Mayor Roger Gaddy reported that the town had received its permit from the Department of Health and Environmental Control (DHEC) to begin a $13+ million project to draw up to 8 million gallons of water a day from the Broad River. Land has been identified, he said, for future locations of pump stations to deliver the water to the reservoir. Gaddy also said the town was in the process of engineering on Syrup Mill Road to bring additional water to the Fairfield Commerce Park on Peach Road.
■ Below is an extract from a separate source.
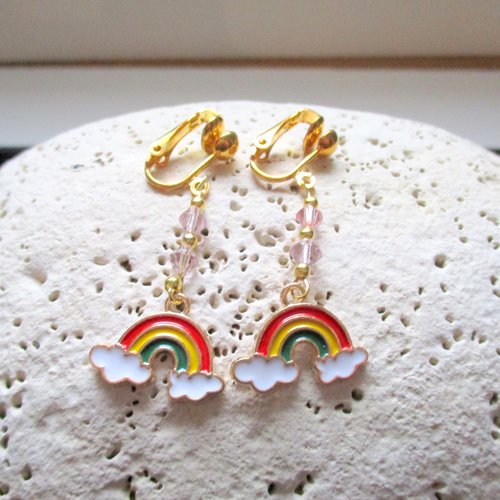 Clips boucles d'oreilles arc-en-ciel bordé de rose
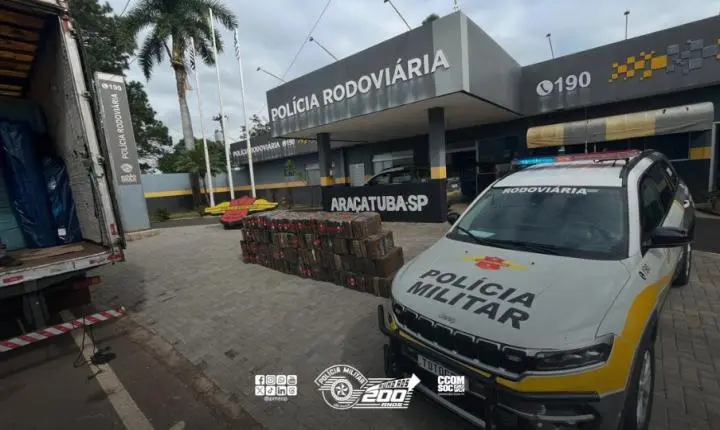 Polícia Rodoviária apreende quase 2 toneladas de maconha em carga de colchões em Penápolis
“We’re getting closer to having the water available for the industrial park,” Gaddy said, “and we’re on schedule – a little ahead of schedule – with pulling water out of the Broad River to increase our capacity and minimize our dependence on Columbia to supply the Blythewood area and also have enough water available for future economic growth in Fairfield County.”

Marcharia pointed out that the Jenkinsville Water Company, which buys a small portion of its supply from Winnsboro via Mid County Water, is seeking a grant from the U.S. Department of Agriculture to build its own treatment facility and draw water from Lake Monticello.

“They think it’s kind of absurd for Winnsboro to come all the way to the Jenkinsville area, draw water and bring it back and treat it and sell it over there, when they can get the water out of there,” Marcharia said. “That’s kind of how they see that.”

Marcharia said the town of Jenkinsville has already begun to annex vigorously, and within the next five years, he said, could have close to 500 people inside its town limits.

“One of my concerns would be if I were a Jenkinsville Water customer,” Gaddy said, “and they had to put a lot of money in infrastructure, new pump stations, etc., and even if there’s 500 people there, that’s not a whole lot of people to spread the costs over. They may find it cheaper to buy it from us than it is to put in a system, I don’t know. That’s their bailiwick. Whatever works for them is certainly fine.”

County Council

Chairwoman Carolyn Robinson (District 2) reported that the County had just passed its 2015-2016 budget, to include a road maintenance fee of $5 a year on private vehicles and $10 a year on commercial vehicles. The money will be set aside to improve and maintain county roads, she said. Robinson also said work has begun on Phase 2 of Commerce Park.

When School Board member Paula Hartman (District 2) asked for a recreation plan update, Robinson said the $3.5 million project was ready to be put out for bid. Robinson said the project was being bid out all at once, as one massive project, in an effort to secure a more competitive price.